The kind of art that adheres to Jansson’s definition is not often made, however. Even if contemporary art swears by the right of every interpretation to exist, anyone who has followed art for a longer period cannot help but encounter the same deep structure under the surface layers of art time and time again. This is due to the simple fact that all artists who approach their work with seriousness will, in a way, imbue their works with the beliefs most fundamental to them, and these beliefs are part of the cultural heritage shared by the community of artists at large.
When choosing the artist to be invited by the Paulo Foundation in 2006, I had to immerse myself in a wide variety of Finnish contemporary art. After having visited art school graduation exhibitions, private exhibitions and artists’ web sites, I was left with three artists who spoke to me in a special way. What they all had in common was that I could not explain what it was about their art that piqued my interest. Among these three, the one that most puzzled my imagination was a graduate of Tampere Polytechnic, Sami Sänpäkkilä.
As an artist, Sänpäkkilä is someone who transcends conventional boundaries: film, music and visual art each vie for his attention. In fact, these separate areas are integrated in his work to such an extent that he could with equal justification be considered a visual artist, a filmmaker or a musician.

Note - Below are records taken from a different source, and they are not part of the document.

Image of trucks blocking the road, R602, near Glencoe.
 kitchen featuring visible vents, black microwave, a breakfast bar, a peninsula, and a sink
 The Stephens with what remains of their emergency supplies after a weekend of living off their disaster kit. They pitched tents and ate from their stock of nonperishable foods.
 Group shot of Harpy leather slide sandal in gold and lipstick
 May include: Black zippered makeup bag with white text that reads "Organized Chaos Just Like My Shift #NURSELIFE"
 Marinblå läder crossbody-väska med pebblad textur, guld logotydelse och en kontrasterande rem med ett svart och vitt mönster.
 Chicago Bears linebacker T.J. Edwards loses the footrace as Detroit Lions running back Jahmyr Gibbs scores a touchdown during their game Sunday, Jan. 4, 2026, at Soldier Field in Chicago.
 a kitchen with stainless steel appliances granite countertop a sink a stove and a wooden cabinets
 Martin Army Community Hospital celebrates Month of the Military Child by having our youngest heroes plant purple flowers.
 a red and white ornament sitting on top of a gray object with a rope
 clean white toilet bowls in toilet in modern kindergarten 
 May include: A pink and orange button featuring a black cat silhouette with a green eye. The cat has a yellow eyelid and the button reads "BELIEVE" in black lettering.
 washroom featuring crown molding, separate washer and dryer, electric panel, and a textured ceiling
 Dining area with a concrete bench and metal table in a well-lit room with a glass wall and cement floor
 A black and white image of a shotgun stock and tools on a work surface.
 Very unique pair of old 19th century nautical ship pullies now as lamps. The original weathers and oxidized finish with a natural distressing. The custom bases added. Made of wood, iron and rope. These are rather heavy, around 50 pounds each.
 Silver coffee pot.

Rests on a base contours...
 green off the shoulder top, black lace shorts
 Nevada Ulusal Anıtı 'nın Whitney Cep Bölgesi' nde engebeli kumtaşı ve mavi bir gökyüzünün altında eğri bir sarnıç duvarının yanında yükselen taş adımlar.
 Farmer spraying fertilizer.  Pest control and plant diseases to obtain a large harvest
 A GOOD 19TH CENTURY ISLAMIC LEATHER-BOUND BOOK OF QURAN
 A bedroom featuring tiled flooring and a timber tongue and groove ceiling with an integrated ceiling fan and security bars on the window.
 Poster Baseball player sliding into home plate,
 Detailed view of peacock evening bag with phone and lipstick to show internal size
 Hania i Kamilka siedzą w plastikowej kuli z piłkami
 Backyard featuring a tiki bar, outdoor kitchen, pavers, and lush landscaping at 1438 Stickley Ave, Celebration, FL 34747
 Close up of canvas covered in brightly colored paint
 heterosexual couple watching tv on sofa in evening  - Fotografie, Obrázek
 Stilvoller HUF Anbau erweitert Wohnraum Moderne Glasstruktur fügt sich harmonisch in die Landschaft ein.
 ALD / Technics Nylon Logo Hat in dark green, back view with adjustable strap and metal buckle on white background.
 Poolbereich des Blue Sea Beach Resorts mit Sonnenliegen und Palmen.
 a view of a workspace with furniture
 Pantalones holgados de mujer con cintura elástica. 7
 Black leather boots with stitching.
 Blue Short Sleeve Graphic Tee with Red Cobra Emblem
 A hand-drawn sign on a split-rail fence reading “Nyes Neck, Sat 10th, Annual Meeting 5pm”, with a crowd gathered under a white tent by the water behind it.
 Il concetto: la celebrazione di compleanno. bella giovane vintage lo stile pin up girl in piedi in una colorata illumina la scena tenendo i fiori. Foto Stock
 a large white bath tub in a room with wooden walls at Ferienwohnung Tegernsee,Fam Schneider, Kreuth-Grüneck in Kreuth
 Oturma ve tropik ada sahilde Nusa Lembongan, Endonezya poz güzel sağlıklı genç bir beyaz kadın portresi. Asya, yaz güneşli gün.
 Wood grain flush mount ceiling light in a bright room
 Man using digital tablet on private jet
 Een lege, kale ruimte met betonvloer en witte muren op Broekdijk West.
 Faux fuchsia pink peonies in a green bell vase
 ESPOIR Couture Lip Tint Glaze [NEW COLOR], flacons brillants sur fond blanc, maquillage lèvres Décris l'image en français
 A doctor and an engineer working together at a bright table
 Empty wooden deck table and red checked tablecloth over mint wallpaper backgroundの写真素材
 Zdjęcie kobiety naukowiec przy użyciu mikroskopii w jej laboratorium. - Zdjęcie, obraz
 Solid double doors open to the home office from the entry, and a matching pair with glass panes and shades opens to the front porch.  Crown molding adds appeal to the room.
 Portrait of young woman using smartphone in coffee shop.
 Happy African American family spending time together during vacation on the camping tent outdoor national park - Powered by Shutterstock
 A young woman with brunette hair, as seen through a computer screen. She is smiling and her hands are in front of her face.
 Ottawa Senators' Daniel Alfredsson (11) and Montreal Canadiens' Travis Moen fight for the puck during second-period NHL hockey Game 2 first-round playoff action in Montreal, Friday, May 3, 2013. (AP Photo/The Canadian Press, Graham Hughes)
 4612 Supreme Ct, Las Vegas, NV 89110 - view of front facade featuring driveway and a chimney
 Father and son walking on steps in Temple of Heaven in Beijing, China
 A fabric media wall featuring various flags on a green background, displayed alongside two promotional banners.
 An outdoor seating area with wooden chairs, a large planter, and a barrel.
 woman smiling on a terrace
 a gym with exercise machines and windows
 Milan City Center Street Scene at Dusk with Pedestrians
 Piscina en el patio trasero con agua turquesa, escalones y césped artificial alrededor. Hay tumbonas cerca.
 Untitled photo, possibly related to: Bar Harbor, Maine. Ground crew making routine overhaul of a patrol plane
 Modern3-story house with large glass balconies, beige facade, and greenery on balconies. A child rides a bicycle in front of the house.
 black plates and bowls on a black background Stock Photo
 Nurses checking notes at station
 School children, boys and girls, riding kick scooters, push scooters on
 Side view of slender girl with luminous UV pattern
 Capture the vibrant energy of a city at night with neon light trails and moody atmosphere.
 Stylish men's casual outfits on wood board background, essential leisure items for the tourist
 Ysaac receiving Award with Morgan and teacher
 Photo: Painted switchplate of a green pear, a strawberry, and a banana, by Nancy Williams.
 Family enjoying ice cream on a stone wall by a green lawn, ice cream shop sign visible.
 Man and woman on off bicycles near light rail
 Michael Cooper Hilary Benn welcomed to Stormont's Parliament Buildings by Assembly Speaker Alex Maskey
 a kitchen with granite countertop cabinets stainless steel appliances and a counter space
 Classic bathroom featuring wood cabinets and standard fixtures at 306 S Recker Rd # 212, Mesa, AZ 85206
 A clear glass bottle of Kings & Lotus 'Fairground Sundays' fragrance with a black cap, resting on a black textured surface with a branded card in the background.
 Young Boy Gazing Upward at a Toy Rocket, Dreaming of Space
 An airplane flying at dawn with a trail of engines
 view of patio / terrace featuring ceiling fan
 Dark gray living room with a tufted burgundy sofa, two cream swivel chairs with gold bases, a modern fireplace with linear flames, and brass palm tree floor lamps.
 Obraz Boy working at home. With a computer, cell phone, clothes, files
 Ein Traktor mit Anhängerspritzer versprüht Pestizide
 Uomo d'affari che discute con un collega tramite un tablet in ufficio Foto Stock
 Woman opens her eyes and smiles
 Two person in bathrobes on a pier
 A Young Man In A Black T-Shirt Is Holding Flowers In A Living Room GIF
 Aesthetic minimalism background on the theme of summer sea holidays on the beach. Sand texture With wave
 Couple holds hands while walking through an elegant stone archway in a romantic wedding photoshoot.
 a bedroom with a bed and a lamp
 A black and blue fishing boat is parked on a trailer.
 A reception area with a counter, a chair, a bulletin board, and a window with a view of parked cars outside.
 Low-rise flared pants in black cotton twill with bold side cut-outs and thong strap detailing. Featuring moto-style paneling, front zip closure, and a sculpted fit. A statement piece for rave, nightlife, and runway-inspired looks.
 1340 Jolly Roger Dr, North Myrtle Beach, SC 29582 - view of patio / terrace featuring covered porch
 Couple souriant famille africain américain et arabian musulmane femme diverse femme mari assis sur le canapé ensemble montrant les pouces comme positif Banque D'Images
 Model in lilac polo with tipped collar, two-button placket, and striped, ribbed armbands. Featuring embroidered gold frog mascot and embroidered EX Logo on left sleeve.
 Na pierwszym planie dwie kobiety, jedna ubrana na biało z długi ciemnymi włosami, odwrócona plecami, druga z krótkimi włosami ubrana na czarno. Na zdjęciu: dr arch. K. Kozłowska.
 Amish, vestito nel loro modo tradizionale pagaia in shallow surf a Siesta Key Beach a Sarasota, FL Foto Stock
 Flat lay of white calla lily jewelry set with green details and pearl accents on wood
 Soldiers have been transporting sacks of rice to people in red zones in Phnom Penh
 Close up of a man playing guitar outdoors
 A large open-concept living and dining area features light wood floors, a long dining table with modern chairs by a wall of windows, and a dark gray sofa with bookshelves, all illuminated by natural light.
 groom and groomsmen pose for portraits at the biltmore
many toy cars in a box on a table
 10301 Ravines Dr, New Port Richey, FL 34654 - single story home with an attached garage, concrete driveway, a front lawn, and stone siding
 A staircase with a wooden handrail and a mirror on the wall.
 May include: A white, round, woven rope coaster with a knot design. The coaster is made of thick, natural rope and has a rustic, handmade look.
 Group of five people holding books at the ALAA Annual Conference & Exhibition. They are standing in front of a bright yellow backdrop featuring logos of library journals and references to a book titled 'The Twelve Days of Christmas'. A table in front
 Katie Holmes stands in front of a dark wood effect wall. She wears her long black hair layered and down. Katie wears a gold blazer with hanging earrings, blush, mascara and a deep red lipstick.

His experimental short films are most notably characterised by a certain suspension. For instance, Sänpäkkilä portrays repetitive jumps, trudging through snow or waking up repeatedly. This suspension is also present in the soundtracks to his works. The resulting entity is hypnotic, trance-inducing.
It has been said that every trance is an attempt to solve a problem. This should be understood broadly: a “problem” could be anything, positive or negative, that calls for a decision or a solution. For the artist, it could be a problem or a challenge related to his work, and whilst dealing with it he falls into a state of waking dream. The spectators, however, do not have to concern themselves with the artist’s problems. Each of them has a trance of their own, a train of thought that produces the ideas, solutions or answers for which they are prepared and which are useful to them.
A trance does have an intrinsic value, though. It is a creative state in the twilight zone between sleep and a waking state. Trance can also be described as movement, like the jumps in 91: 11-12 or the running in Surrealistin kaksi vasenta kättä. This movement can lead to the recuperation, as well as the regeneration, of the mind and the sense.
While it may initially be less obvious, another prominent quality of Sänpäkkilä’s art is spirituality.
In his early short films, spirituality manifests itself in the form of universal beauty, for instance. These are pictures of a world in which a positive force is present. In the film 91: 11-12, spirituality is linked with Christianity in the form of psalm excerpts depicting a guardian angel. In Kubistisia kukkia liikkeessä it seems as though the old Finnish public service announcement logo has been engulfed by the baroque blaze of spirituality.
There is a recurring element to his films that proves interesting. The clothes seen in them are contemporary, for the most part, and rather modest at that, yet the ways in which they are worn also convey religious connotations: the hoods and scarves wrapped around the characters’ faces speak of a fervent search for the fundamental questions in life. The context – a barren desert landscape – only heightens the impression.
The more extensive work Aurinkokellari (2006) (not included on the DVD) features a prophetic sequence of events. In the film, an eccentric character in control of human life “removes” three people. The impression, akin to death, is frightening in its severity. And yet there is a warm belief in human beings to be found in this work, much like everywhere in Sänpäkkilä’s art – not to mention a dollop of unexpected humour. Even the aggressive Kubistisia vittu saatana is ultimately a therapeutic guidance directed at “the sad, the depressed, the sleepless” etc., ending in a short glimpse of a moment when worries will be swept away – worries of any kind.